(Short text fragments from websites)
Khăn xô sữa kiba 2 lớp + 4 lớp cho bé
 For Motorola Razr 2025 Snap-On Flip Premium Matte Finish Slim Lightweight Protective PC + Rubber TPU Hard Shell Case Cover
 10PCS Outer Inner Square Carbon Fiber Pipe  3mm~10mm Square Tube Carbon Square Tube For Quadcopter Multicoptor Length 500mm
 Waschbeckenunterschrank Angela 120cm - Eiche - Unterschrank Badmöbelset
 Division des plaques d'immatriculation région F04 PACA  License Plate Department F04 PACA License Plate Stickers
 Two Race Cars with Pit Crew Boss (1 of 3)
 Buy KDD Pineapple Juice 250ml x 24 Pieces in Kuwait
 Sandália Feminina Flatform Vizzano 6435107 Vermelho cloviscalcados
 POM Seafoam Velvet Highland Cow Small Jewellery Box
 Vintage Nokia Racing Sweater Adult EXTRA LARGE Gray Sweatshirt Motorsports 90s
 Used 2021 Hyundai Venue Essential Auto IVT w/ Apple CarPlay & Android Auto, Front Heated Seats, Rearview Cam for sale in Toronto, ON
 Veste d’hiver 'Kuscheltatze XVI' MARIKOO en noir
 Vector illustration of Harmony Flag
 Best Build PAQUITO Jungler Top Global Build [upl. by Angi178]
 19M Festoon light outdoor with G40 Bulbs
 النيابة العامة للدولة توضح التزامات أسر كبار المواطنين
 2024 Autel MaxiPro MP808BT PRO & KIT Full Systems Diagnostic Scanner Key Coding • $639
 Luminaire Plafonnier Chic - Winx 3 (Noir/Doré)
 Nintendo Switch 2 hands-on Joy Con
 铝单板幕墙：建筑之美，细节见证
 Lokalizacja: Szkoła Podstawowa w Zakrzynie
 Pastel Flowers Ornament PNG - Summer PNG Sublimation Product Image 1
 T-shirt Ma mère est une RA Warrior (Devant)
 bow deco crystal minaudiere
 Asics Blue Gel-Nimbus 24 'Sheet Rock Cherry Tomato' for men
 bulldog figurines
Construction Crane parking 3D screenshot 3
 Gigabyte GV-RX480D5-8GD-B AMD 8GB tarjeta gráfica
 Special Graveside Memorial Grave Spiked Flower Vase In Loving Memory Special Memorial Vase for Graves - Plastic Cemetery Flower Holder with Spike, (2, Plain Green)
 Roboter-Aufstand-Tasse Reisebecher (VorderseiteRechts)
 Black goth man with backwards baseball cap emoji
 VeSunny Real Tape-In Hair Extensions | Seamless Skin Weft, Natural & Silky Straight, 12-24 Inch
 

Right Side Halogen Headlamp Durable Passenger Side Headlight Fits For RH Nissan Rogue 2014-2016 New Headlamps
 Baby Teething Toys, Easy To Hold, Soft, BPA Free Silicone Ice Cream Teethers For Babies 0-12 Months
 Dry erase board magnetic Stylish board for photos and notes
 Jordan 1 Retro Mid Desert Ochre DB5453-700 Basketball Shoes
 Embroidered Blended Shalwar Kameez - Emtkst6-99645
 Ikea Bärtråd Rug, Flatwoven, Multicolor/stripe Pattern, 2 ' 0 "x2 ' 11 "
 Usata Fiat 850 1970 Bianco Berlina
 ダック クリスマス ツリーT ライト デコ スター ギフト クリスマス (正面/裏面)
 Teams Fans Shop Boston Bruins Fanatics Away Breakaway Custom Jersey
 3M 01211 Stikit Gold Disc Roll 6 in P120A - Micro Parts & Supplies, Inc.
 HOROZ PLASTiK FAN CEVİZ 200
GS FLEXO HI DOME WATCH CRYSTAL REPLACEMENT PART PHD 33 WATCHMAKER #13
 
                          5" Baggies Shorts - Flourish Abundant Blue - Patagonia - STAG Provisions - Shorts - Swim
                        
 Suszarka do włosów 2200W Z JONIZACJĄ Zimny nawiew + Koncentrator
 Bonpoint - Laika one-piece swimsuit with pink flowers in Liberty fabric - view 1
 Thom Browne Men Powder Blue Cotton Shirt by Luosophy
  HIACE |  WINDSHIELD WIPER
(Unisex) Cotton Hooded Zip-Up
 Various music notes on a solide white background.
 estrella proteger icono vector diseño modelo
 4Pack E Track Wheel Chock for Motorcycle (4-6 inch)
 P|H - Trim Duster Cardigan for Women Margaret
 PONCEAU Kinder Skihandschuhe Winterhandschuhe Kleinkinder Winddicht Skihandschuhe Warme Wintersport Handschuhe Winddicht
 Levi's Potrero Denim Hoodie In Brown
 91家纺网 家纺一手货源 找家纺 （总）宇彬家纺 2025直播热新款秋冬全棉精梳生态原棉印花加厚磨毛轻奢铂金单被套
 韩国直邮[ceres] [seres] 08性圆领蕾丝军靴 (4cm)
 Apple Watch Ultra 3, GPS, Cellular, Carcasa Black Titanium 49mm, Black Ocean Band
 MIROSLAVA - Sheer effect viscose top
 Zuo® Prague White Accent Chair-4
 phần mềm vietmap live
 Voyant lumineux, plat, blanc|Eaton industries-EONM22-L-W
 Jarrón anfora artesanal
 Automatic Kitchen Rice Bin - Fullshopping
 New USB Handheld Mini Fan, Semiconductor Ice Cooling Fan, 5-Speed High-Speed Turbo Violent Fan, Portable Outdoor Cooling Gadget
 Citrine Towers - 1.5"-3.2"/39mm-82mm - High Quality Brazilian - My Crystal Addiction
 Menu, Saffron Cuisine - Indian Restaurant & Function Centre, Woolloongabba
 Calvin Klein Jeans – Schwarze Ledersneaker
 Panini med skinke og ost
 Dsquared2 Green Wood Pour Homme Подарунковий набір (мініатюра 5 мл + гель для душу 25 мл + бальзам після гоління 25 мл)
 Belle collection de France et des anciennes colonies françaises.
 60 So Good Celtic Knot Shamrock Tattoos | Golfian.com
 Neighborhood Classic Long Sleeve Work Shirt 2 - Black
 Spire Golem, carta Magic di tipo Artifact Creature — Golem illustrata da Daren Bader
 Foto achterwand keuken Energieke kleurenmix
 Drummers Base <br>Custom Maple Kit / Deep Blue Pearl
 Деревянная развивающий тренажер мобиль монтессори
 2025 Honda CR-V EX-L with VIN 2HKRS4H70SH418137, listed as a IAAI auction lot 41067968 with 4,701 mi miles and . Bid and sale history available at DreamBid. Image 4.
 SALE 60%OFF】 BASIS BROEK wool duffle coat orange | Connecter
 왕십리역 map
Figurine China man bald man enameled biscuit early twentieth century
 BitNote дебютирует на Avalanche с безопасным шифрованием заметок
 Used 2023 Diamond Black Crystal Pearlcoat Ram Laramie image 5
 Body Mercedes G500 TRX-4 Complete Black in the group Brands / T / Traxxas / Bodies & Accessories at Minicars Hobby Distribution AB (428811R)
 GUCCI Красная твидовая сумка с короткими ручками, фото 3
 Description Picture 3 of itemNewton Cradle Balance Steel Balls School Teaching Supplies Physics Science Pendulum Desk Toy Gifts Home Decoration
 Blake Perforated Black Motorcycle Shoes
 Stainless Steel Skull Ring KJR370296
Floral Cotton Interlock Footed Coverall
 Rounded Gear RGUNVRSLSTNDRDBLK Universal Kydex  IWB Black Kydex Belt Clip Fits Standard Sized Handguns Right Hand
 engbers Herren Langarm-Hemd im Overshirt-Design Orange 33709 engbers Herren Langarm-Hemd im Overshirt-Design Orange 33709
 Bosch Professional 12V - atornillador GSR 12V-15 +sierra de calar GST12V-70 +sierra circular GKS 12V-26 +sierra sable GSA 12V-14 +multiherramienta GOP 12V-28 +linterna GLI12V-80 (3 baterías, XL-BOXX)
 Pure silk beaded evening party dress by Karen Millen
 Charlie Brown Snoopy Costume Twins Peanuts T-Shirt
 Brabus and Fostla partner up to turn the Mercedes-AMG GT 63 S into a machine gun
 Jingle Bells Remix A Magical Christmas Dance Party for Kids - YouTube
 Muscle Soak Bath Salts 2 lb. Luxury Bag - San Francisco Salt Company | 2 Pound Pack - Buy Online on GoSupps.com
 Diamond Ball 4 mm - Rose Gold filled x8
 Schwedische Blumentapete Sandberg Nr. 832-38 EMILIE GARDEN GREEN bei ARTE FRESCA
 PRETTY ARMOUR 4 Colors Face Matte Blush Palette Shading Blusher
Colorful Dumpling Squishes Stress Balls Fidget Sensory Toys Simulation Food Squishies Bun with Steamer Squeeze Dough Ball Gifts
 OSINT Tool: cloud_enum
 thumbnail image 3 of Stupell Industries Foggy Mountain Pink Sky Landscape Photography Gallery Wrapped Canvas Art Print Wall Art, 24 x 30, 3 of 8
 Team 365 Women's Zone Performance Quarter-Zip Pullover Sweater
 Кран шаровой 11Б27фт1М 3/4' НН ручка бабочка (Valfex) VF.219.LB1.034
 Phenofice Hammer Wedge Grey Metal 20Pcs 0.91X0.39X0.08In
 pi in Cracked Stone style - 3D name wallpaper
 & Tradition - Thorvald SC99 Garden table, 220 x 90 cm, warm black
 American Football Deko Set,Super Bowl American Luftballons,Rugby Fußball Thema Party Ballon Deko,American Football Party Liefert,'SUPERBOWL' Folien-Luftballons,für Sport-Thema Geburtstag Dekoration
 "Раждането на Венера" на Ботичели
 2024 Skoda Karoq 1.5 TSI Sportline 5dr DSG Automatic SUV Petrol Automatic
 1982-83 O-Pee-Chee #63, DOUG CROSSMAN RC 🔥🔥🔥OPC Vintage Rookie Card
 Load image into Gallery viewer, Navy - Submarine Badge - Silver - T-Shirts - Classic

What is needed:
Starting at the line above that contains "P|H - Trim Duster", write out each line exactly until the line that contains "Foto achterwand keuken Energieke kleurenmix" has been written, and stop there.

Task response:
 P|H - Trim Duster Cardigan for Women Margaret
 PONCEAU Kinder Skihandschuhe Winterhandschuhe Kleinkinder Winddicht Skihandschuhe Warme Wintersport Handschuhe Winddicht
 Levi's Potrero Denim Hoodie In Brown
 91家纺网 家纺一手货源 找家纺 （总）宇彬家纺 2025直播热新款秋冬全棉精梳生态原棉印花加厚磨毛轻奢铂金单被套
 韩国直邮[ceres] [seres] 08性圆领蕾丝军靴 (4cm)
 Apple Watch Ultra 3, GPS, Cellular, Carcasa Black Titanium 49mm, Black Ocean Band
 MIROSLAVA - Sheer effect viscose top
 Zuo® Prague White Accent Chair-4
 phần mềm vietmap live
 Voyant lumineux, plat, blanc|Eaton industries-EONM22-L-W
 Jarrón anfora artesanal
 Automatic Kitchen Rice Bin - Fullshopping
 New USB Handheld Mini Fan, Semiconductor Ice Cooling Fan, 5-Speed High-Speed Turbo Violent Fan, Portable Outdoor Cooling Gadget
 Citrine Towers - 1.5"-3.2"/39mm-82mm - High Quality Brazilian - My Crystal Addiction
 Menu, Saffron Cuisine - Indian Restaurant & Function Centre, Woolloongabba
 Calvin Klein Jeans – Schwarze Ledersneaker
 Panini med skinke og ost
 Dsquared2 Green Wood Pour Homme Подарунковий набір (мініатюра 5 мл + гель для душу 25 мл + бальзам після гоління 25 мл)
 Belle collection de France et des anciennes colonies françaises.
 60 So Good Celtic Knot Shamrock Tattoos | Golfian.com
 Neighborhood Classic Long Sleeve Work Shirt 2 - Black
 Spire Golem, carta Magic di tipo Artifact Creature — Golem illustrata da Daren Bader
 Foto achterwand keuken Energieke kleurenmix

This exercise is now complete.